While “smell-o-vision” may someday be an enhanced feature of digitization, we are a long way from the time when digitization will allow collectors and scholars to feel, touch, and measure with precision the objects we care so much about. Until then descriptive bibliography will be in large part dependent on having the books themselves, and scholars and librarians and collectors will be dependent on the collections that can be described only by such bibliographic efforts. Special collection libraries ought to shape their own futures by reemphasizing descriptive bibliography; reintroducing their librarians and users to the concepts and principles of descriptive bibliography; teaching how the book as information and the book as thing, the book as text and the book as object, are integrated by descriptive bibliography, thus enhancing their value for all who collect and learn from them. Special collections libraries must become not only repositories, but also teaching centers. Instruction in descriptive bibliography ought to be widely available in the very places it can best be applied and used. As a collector, my own rudimentary knowledge of descriptive bibliography has served me well. It has allowed me to identify books to a certainty well beyond what truncated and often erroneous catalog or dealer descriptions suggested, and to buy, or not buy, accordingly. Think what a real grasp of its principles could do for the librarian and scholar.

The answer to why descriptive bibliography is important to the broader community engaged with special collections is, once again, best described by Vander Meulen. Using the tools provided by descriptive bibliography results in

involvement [that] leads to the most fulfilling pleasure of all, the excitement of engaging in the historical reconstruction of these works. It is an activity that requires those much-discussed eighteenth-century qualities of reason and imagination.
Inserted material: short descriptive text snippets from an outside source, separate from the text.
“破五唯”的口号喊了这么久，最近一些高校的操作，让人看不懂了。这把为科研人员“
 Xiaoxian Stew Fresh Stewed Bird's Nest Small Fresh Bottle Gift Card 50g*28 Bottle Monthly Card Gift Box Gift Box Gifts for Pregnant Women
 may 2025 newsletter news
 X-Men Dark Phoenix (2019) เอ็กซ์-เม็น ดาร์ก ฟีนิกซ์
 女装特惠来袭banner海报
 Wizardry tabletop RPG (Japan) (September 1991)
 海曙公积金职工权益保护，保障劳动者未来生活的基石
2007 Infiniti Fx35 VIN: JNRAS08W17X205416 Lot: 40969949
It is a process that brings us not only closer to the minds and actions of those who manufactured the books but also, ultimately into the presence of Alexander Pope himself.6

NOTES

1. The three talks were published as Collectors & Special Collections—Three Talks (Washington, DC: Library of Congress, 2002). Alice Schreyer’s talk was also published separately as Elective Affinities: Private Collectors & Special Collections in Libraries (Chicago: University of Chicago Library, 2001).

2. Letitia Stein, “Library without Books Debuts at Florida’s Newest College,” August 25, 2014, www.reuters.com/article/2014/08/25/us-usa-florida-library-idUSKBN0GP0W620140825.

3. Ibid.

4. David L. Vander Meulen, Where Angels Fear to Tread: Descriptive Bibliography and Alexander Pope (Washington, DC: Library of Congress, 1988), 16.

5. Ibid., 17.

6. Ibid., 28.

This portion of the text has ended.